# Time Series

Parametrize the problem and create a time series pipeline that extracts lagged features.

In [None]:
from evalml.pipelines import TimeSeriesRegressionPipeline
from evalml.problem_types import TimeSeriesProblem

ts_problem = TimeSeriesProblem(gap=2, max_lag=4, n_periods_to_predict=1,
                               estimator_type="regression", date_column="date")

class TsRegressionPipeline(TimeSeriesRegressionPipeline):
    component_graph = ["Lagged Feature Extractor", "Random Forest Regressor"]

    
pl = TsRegressionPipeline(parameters={}, time_series_problem=ts_problem)
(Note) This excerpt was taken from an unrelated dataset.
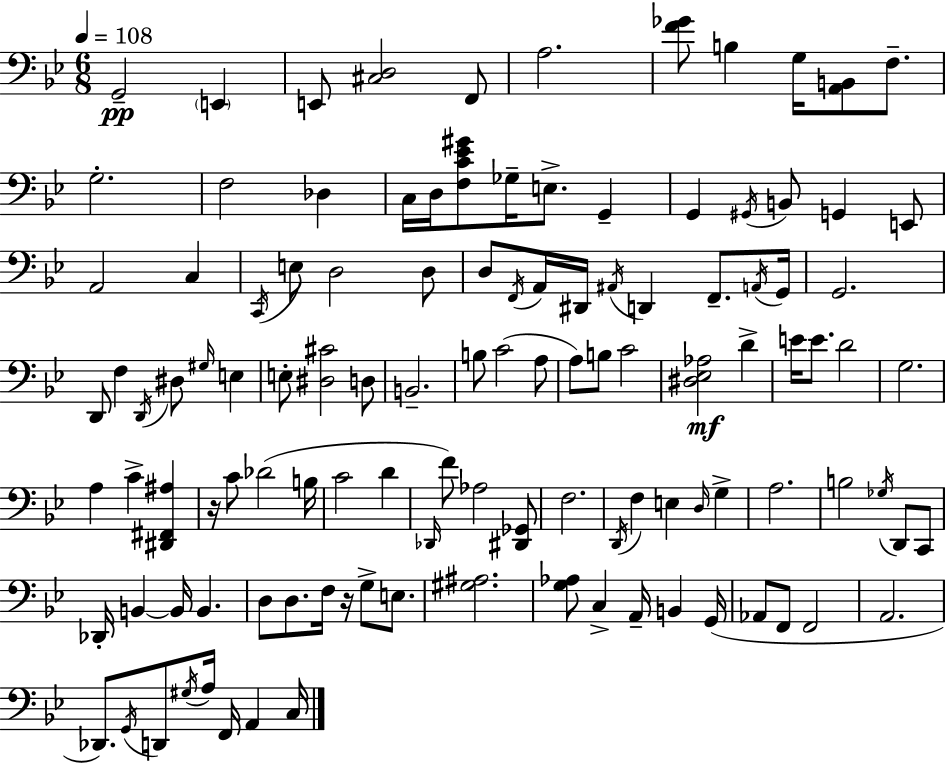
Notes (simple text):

G2/h E2/q E2/e [C#3,D3]/h F2/e A3/h. [F4,Gb4]/e B3/q G3/s [A2,B2]/e F3/e. G3/h. F3/h Db3/q C3/s D3/s [F3,C4,Eb4,G#4]/e Gb3/s E3/e. G2/q G2/q G#2/s B2/e G2/q E2/e A2/h C3/q C2/s E3/e D3/h D3/e D3/e F2/s A2/s D#2/s A#2/s D2/q F2/e. A2/s G2/s G2/h. D2/e F3/q D2/s D#3/e G#3/s E3/q E3/e [D#3,C#4]/h D3/e B2/h. B3/e C4/h A3/e A3/e B3/e C4/h [D#3,Eb3,Ab3]/h D4/q E4/s E4/e. D4/h G3/h. A3/q C4/q [D#2,F#2,A#3]/q R/s C4/e Db4/h B3/s C4/h D4/q Db2/s F4/e Ab3/h [D#2,Gb2]/e F3/h. D2/s F3/q E3/q D3/s G3/q A3/h. B3/h Gb3/s D2/e C2/e Db2/s B2/q B2/s B2/q. D3/e D3/e. F3/s R/s G3/e E3/e. [G#3,A#3]/h. [G3,Ab3]/e C3/q A2/s B2/q G2/s Ab2/e F2/e F2/h A2/h. Db2/e. G2/s D2/e G#3/s A3/s F2/s A2/q C3/s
Create an autoregressive model of order 1.

In [None]:
import pandas as pd
import numpy as np

X = pd.DataFrame({"features": range(1, 32)})
y = pd.Series(np.random.normal(0, 1, 31))
prev = 10
for i, noise in enumerate(y):
    new_value = 0.2 * prev + noise
    y[i] = new_value
    prev = new_value
    
y.index = pd.date_range("2020-10-01", "2020-10-31")
X.index = pd.date_range("2020-10-01", "2020-10-31")

In [None]:
import plotly.express as px
px.line(y)

In [None]:
from evalml.automl import TimeSeriesSplit

ts_split = TimeSeriesSplit(gap=ts_problem.gap, max_lag=ts_problem.max_lag)
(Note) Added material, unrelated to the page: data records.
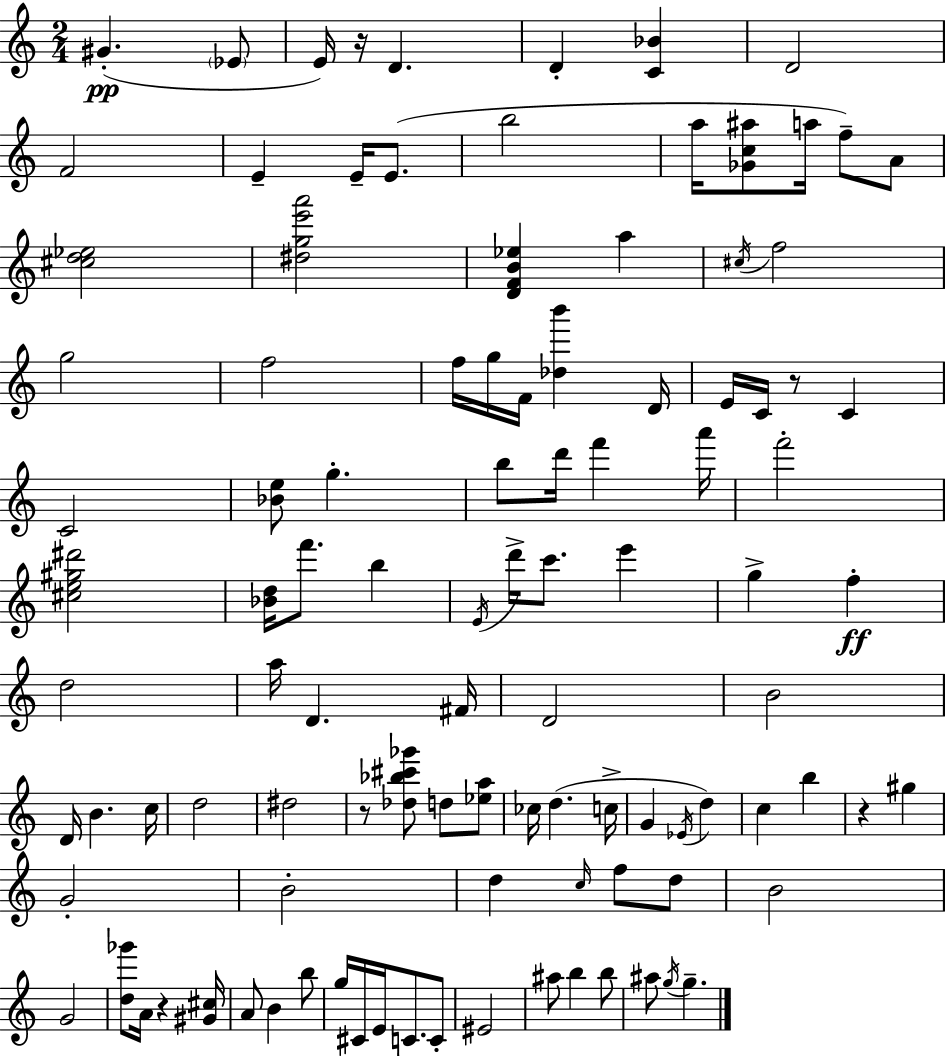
X:1
T:Untitled
M:2/4
L:1/4
K:C
^G _E/2 E/4 z/4 D D [C_B] D2 F2 E E/4 E/2 b2 a/4 [_Gc^a]/2 a/4 f/2 A/2 [^cd_e]2 [^dge'a']2 [DFB_e] a ^c/4 f2 g2 f2 f/4 g/4 F/4 [_db'] D/4 E/4 C/4 z/2 C C2 [_Be]/2 g b/2 d'/4 f' a'/4 f'2 [^ce^g^d']2 [_Bd]/4 f'/2 b E/4 d'/4 c'/2 e' g f d2 a/4 D ^F/4 D2 B2 D/4 B c/4 d2 ^d2 z/2 [_d_b^c'_g']/2 d/2 [_ea]/2 _c/4 d c/4 G _E/4 d c b z ^g G2 B2 d c/4 f/2 d/2 B2 G2 [d_g']/2 A/4 z [^G^c]/4 A/2 B b/2 g/4 ^C/4 E/4 C/2 C/2 ^E2 ^a/2 b b/2 ^a/2 g/4 g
for i, (train, test) in enumerate(ts_split.split(X, y)):
    X_train, y_train = X.iloc[train], y.iloc[train]
    X_test, y_test = X.iloc[test], y.iloc[test]
    pl.fit(X_train, y_train)
    score = pl.score(X_test, y_test, objectives=["Root Mean Squared Error"])["Root Mean Squared Error"]
    print(f"Score on fold {i} is {score:.2f}")

In [None]:
predictions = pd.DataFrame({"value": pd.concat([pl.predict(X_test, y_test)[4:], y_test[4:]], ignore_index=True),
                            "kind": ["prediction"] * 7 + ["target"] * 7})

In [None]:
px.line(predictions, x=list(range(1, 8)) + list(range(1, 8)), y="value", color="kind")